In this study, micro-oxygen was integrated into a rusty scrap iron (RSI)-loaded anaerobic digester. Under an optimal RSI dosage of 20 g/L, increasing O 2 levels were added stepwise in seven stages in a semi-continuous experiment. Results showed the average methane yield was 306 mL/g COD (chemical oxygen demand), and the hydrogen sulphide (H 2 S) concentration was 1933 ppmv with RSI addition. O 2 addition induced the microbial oxidation of sulphide by stimulating sulfur-oxidizing bacteria and chemical corrosion of iron, which promoted the generation of FeS and Fe 2 S 3 . In the 6th phase of the semi-continuous test, deep desulfurization was achieved without negatively impacting system performance.
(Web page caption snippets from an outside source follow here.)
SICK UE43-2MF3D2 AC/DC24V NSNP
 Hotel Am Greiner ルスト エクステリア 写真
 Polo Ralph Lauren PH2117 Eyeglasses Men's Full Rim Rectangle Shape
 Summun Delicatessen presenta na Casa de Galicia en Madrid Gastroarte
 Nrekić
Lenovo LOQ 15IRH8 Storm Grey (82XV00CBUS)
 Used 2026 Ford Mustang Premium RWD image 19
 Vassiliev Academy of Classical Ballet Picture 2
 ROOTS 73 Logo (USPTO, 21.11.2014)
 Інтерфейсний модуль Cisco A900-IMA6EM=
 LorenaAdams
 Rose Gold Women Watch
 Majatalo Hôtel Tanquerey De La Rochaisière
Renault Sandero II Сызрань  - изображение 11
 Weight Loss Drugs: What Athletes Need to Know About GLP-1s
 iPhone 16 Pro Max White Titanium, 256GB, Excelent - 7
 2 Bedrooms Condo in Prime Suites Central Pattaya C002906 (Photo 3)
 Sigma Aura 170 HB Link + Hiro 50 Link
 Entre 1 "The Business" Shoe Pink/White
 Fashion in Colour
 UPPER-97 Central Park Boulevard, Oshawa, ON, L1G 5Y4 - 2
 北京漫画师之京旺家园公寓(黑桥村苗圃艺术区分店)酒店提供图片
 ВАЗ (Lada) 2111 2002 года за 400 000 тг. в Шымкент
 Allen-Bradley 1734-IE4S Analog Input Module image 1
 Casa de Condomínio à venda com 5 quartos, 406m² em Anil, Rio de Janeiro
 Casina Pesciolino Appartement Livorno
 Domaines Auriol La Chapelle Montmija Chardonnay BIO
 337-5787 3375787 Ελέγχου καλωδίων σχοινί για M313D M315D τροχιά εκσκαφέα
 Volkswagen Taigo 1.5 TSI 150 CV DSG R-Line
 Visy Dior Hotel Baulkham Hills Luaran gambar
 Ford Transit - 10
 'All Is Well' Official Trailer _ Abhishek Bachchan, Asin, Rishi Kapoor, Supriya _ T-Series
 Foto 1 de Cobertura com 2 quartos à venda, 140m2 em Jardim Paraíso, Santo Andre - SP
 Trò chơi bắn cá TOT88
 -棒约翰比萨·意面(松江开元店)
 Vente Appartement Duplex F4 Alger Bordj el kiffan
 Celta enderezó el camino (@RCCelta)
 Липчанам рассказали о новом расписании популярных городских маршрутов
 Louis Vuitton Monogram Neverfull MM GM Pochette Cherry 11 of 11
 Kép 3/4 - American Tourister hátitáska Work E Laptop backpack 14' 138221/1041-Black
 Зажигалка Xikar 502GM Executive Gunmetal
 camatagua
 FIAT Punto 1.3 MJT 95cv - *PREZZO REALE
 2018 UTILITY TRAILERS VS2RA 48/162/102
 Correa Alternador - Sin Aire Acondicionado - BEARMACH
Average methane yield was 301.1 mL/g COD, and H 2 S concentration was 75 ppmv. Sulfur mass balance was described, with 84.0%, 11.90% and 0.21% of sulfur present in solid, liquid and gaseous phases, respectively. The Polymerase Chain Reaction-Denaturing Gradient Gel Electrophoresis (PCR-DGGE) analysis revealed that RSI addition could enrich the diversity of hydrogenotrophic methanogens and iron-reducing bacteria to benefit methanogenesis and organic mineralization, and impoverish the methanotroph ( Methylocella silvestris ) to reduce the consumption of methane. Micro-oxygen supplementation could enhance the diversity of iron-oxidizing bacteria arising from the improvement of Fe(II) release rate and enrich the sulphur-oxidising bacteria to achieved desulfurization. These results demonstrated that RSI addition in combination with micro-oxygenation represents a promising method for simultaneously controlling biogas H 2 S concentration and improving digestion performance.

Suggested Citation

  • Renjun Ruan & Jiashun Cao & Chao Li & Di Zheng & Jingyang Luo, 2017. "The Influence of Micro-Oxygen Addition on Desulfurization Performance and Microbial Communities during Waste-Activated Sludge Digestion in a Rusty Scrap Iron-Loaded Anaerobic Digester," Energies, MDPI, vol. 10(2), pages 1-19, February.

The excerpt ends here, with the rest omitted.